Même s’il était très occupé chez les Alouettes, Jason Hogan a visionné beaucoup de séquences de jeux de matchs universitaires, l’an dernier.

Faire du film, c’est un peu le dada pour celui qui écourtait ses nuits, même lorsqu’il était joueur et jeune entraîneur.

« C’était aussi une excellente manœuvre pour me garder à niveau pour le recrutement. J’ai regardé beaucoup de séquences de matchs collégiaux et universitaires afin de voir les nouvelles tendances. »

« J’ai déjà une idée de ce que j’ai sous la main à Sherbrooke.
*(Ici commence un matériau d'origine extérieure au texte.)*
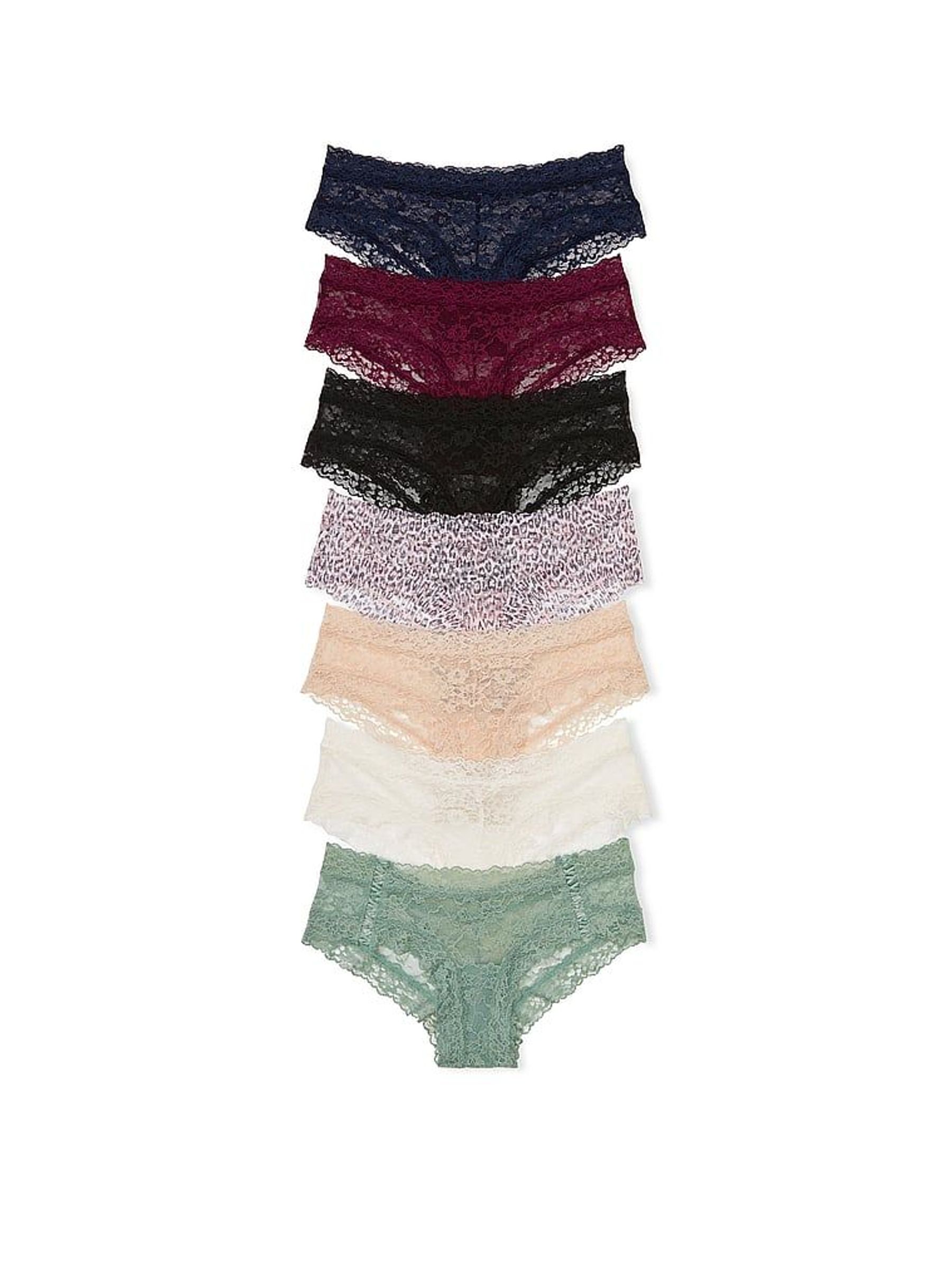 Blue/Red/Black/Nude/White/Green Cheeky 7 Pack Knickers - Image 1 of 3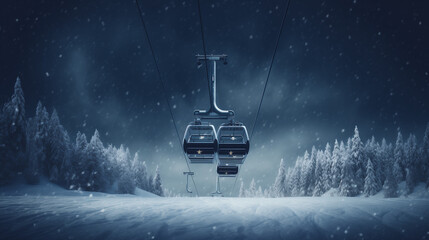 A ski lift in the snow with a mountain in the background. generative ai - obrazy, fototapety, plakaty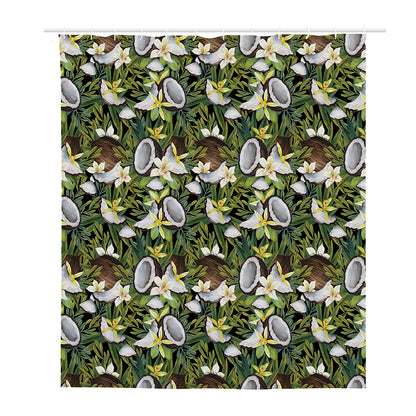 Vanilla Flower And Coconut Pattern Print Polyester Shower Curtain
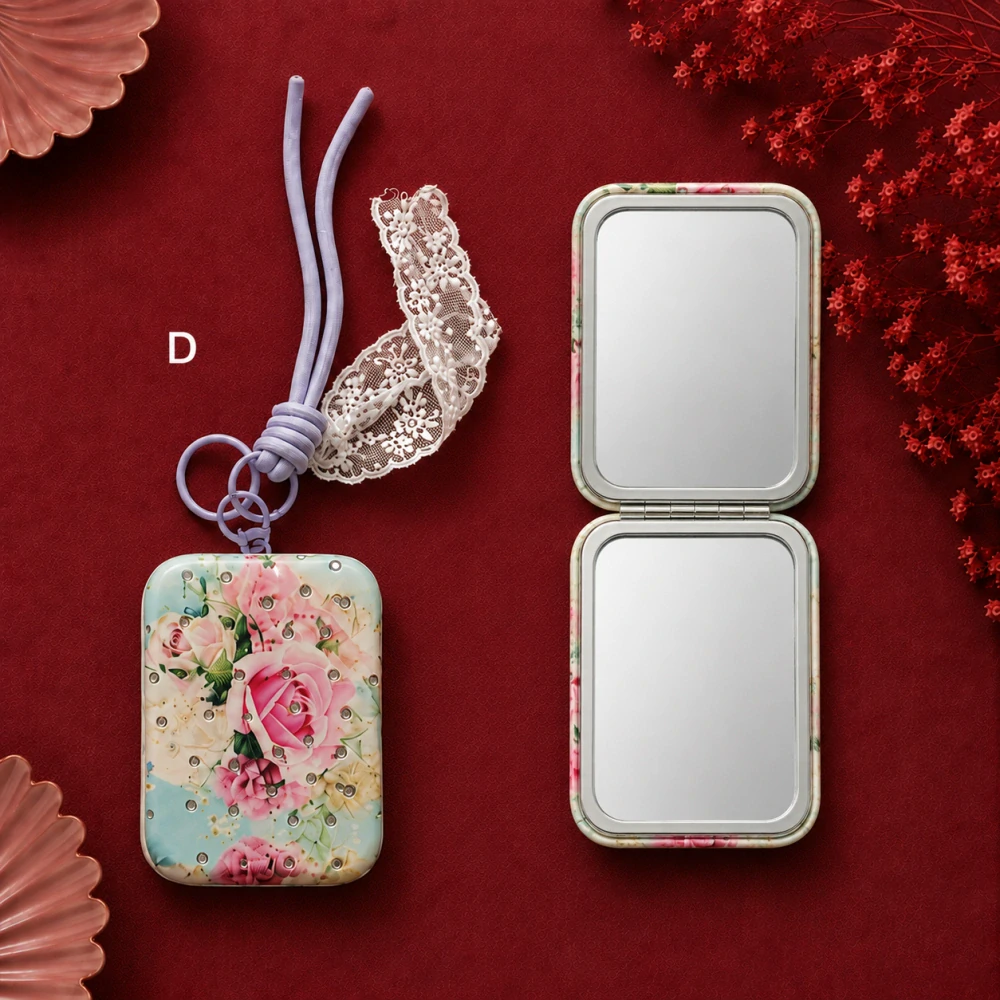 Kvetinové vreckové zrkadielko do kabelky s kamienkami a čipkou (obojstranné) – 8,5 × 6 cm vzor D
J’ai hâte de rencontrer les gars, à compter de lundi, pour entendre leurs objectifs, constater leur cheminement. »

Jason Hogan aura du pain sur la planche à Sherbrooke. Quatre des cinq partants sur la ligne offensive ont quitté et l’équipe jongle encore avec ses quarts-arrière.

En 2017, le Vert & Or a présenté la deuxième pire attaque du RSEQ avec 139 points inscrits en huit matchs de calendrier régulier.

« J’ai déjà discuté un peu avec Alex (Jacob-Michaud) et je sais que la lutte pour le poste de partant sera très intéressante à suivre », a-t-il dit.

Autre changement au personnel d’entraîneurs du Vert & Or ; le préparateur physique de l’équipe Xavier Roy ne sera pas de retour. Il a plutôt choisi de compléter son doctorat.

Pat Boies

Pat Boies quitte les Gaiters

Les Gaiters de l’Université Bishop’s devront se trouver un nouveau coordonnateur offensif. Pat Boies, qui occupait le poste, a quitté l’équipe pour des raisons familiales à destination de Québec.

Il y occupera désormais le poste d’assistant à l’entraîneur-chef Claude Juneau et coordonnateur de l’attaque avec les Élans de Garneau.

Il s’agit donc d’un retour aux sources pour lui, qui a œuvré à titre d’entraîneur-chef et coordonnateur offensif de 2006 à 2011 où il a savouré deux Bols d’Or avec l’institution.

Boies n’aura passé qu’une saison avec les Gaiters de Bishop’s, soit la première de l’institution anglophone au sein de la conférence des Maritimes. Il avait été embauché par l’entraîneur-chef Chérif Nicolas.

Boies a décidé de suivre son épouse dans la région de Québec, elle qui y a déniché un nouvel emploi.

« Pat se doit d’être un père de famille avant tout, et sa décision me démontre qu’il a les valeurs à la bonne place et que j’avais eu raison de l’engager pour guider nos jeunes à Bishop’s », a dit M. Nicolas.
Ce dernier a déjà amorcé le processus d’entrevues afin de trouver un successeur à Pat Boies.

Une nomination est attendue très rapidement.

Notons que les Gaiters auront aussi un nouveau coordonnateur défensif à l’automne prochain. L’ancien des Carabins de Montréal Fabrice Raymond a en effet été embauché à la suite du non-renouvellement du contrat de Marc Loranger.
Les Gaiters n’ont gagné qu’un seul match en 2017.